The LeBaron family has lived in the turbulent border region for decades, part of a wave of settlers who moved to Mexico in the early 20th century seeking at the time to practice polygamy, which was forbidden by the Church of Jesus Christ of Latter-day Saints. Today polygamy has largely faded from the community.

Long unaffiliated with the mainstream church, fundamentalist Mormon communities in northern Mexico originated in the late 1880s, when a number of families moved to the states of Chihuahua and Sonora.

Religious communities that date themselves to Joseph Smith, founder of the Church of Jesus Christ of Latter-day Saints, often call themselves Mormon. The mainstream church has abandoned the moniker.
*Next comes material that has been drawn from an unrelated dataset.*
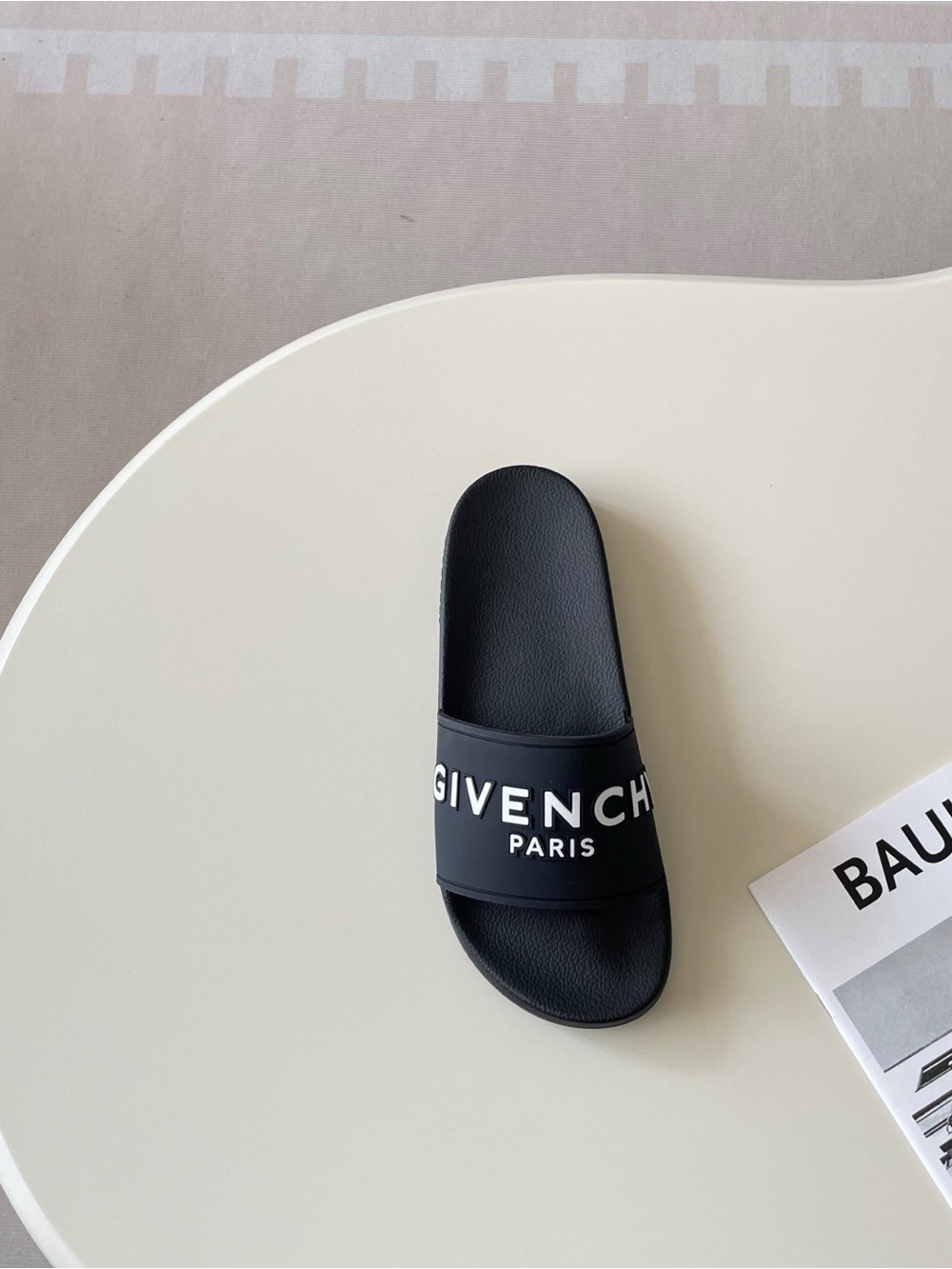 Givenchy Black Slides with White Logo - Picture 6 of 9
After the United States criminalized polygamy in 1882, the leader of the church at the time, John Taylor, encouraged some members to settle in northern Mexico as a way to escape federal prosecution.

“They were seen as colonies of refuge,” said W. Paul Reeve, a professor of Mormon studies at the University of Utah. “The Mexican government said they would look the other way regarding polygamy; they were desirous to have people settle their northern frontier.”

The church formally abandoned polygamy in 1904 and announced that anyone who practiced polygamy would be excommunicated. Some families continued the practice and established their own splinter churches or communities.

Though some of these families’ descendants moved back to the United States during the Mexican Revolution, many remained, prospering as farmers and ranchers.